-------- Data for this task --------
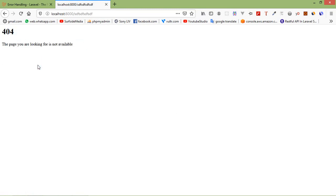So that's all about custom 404 error page. Thanks for watching this video. If you still have any kind of question, you can ask me in the comment box. Don't forget to subscribe my channel. Thanks for watching.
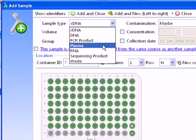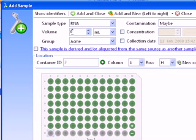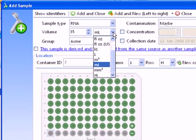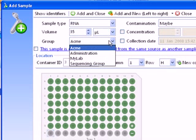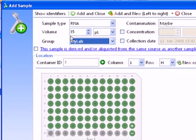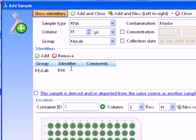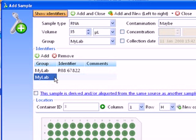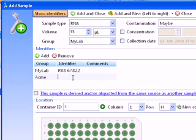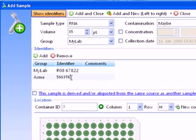Enter the details of the sample. To enter your own identifiers, select the show identifiers button and add them in the list that appears. Note that you can have multiple identifiers for each sample. In this case, we have an identifier assigned from our historical specimen reception system, as well as an identifier assigned by the group that sent us the sample.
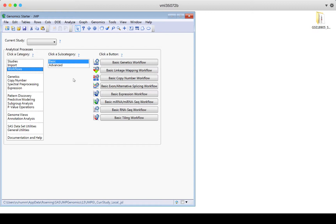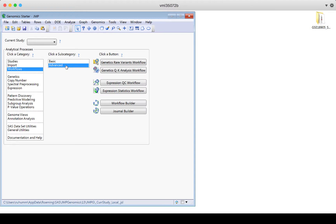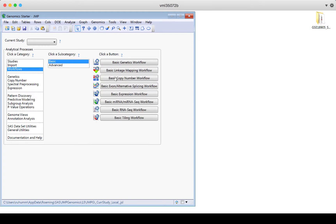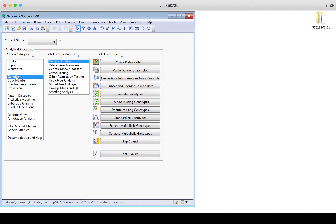However, many researchers will want to tailor their process beyond what's included in these workflows. There are basic and there are advanced workflows. And again, they're pulling from a number of these features, these analytical processes that show up in the categories here or the subcategories. So the basic genetics workflow is going to contain many things from this genetics list of categories and options.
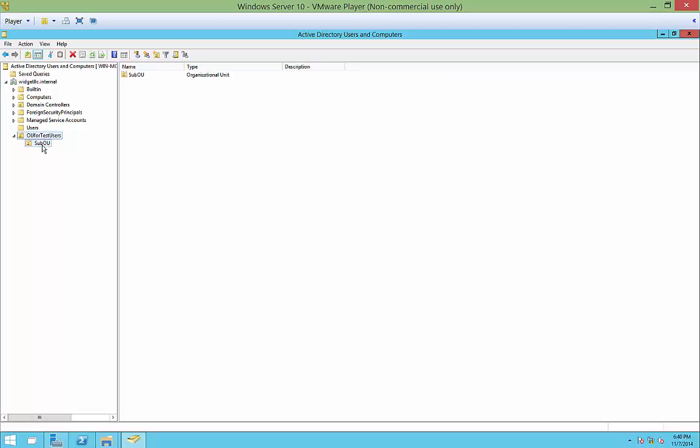All right. So now you know how to create an Organizational Unit. You know why it's there. And you can go into Group Policy, and you can set up policies that get applied to this.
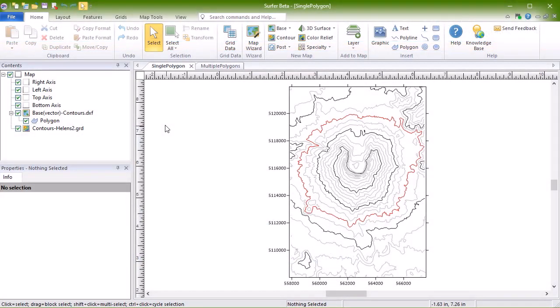Surfer can assign no data during the grid creation process in the Grid Data Wizard, or after a grid is created. When assigning data through either method, you can use one or more polygons in a base layer, or any supported vector file format.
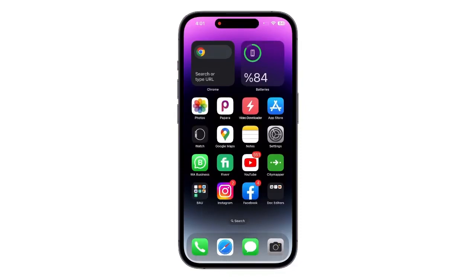Hey everyone, welcome back to my channel. In today's video, I'll be showing you how to change Siri to Siri Pro with the help of ChatGPT.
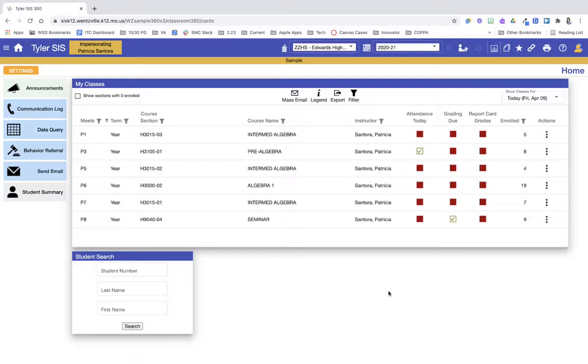In this video, we are going to take a look at how to access your gradebook, create assignments, and leave student feedback inside of the gradebook. Just as a reminder, I am in a sample instance of Classroom 360, so there are some buttons or items that may look a little different than on your screen. For example, this teacher doesn't have very many students.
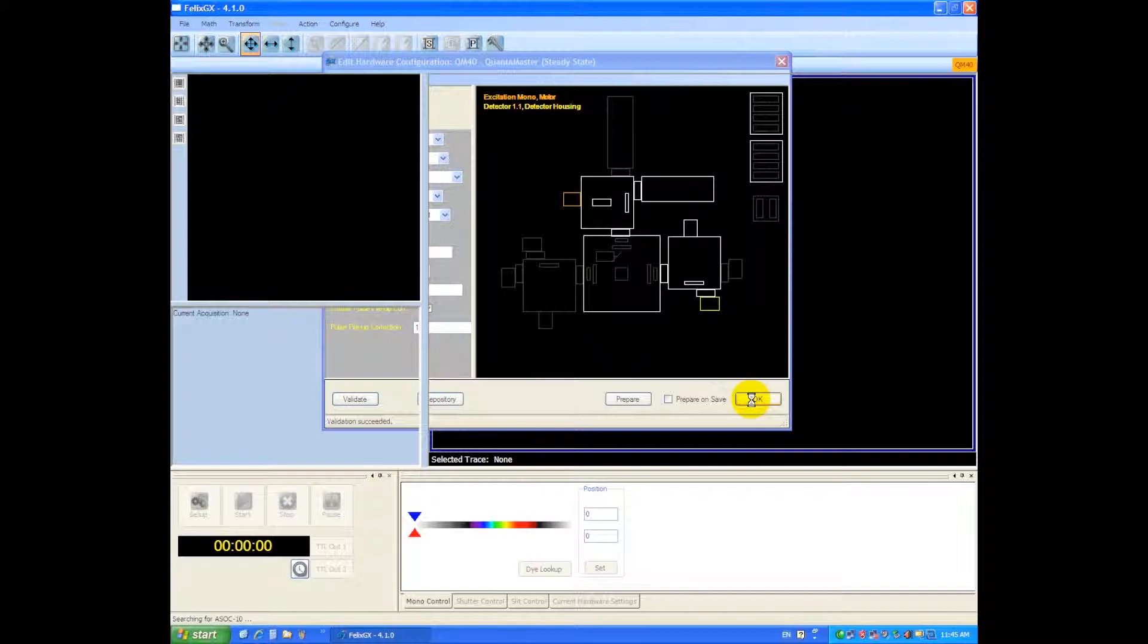Depending on your instrument, initialization can take anywhere from 10 seconds to 20 seconds depending on the number of motors and motorized slits and the various accessories that you have attached.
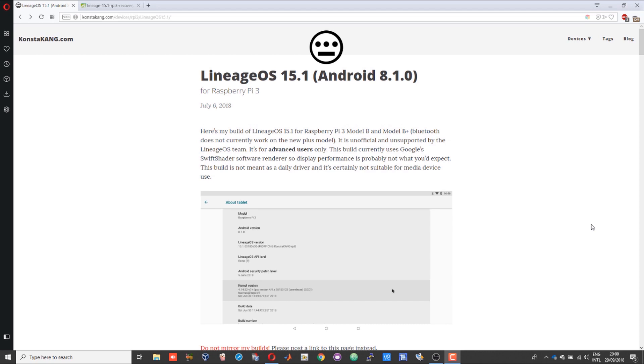Hello guys, today in this video I am taking you through the installation process of LineageOS 15.1 Android 8.1 on a Raspberry Pi 3.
--------
## Directions:
Return, exactly as they appear, the lines from the line containing "Surfer can assign" through the end of the records above, both ends included, without pictures.

## Problem solution:
Surfer can assign no data during the grid creation process in the Grid Data Wizard, or after a grid is created. When assigning data through either method, you can use one or more polygons in a base layer, or any supported vector file format.
Hey everyone, welcome back to my channel. In today's video, I'll be showing you how to change Siri to Siri Pro with the help of ChatGPT.
In this video, we are going to take a look at how to access your gradebook, create assignments, and leave student feedback inside of the gradebook. Just as a reminder, I am in a sample instance of Classroom 360, so there are some buttons or items that may look a little different than on your screen. For example, this teacher doesn't have very many students.
Depending on your instrument, initialization can take anywhere from 10 seconds to 20 seconds depending on the number of motors and motorized slits and the various accessories that you have attached.
Hello guys, today in this video I am taking you through the installation process of LineageOS 15.1 Android 8.1 on a Raspberry Pi 3.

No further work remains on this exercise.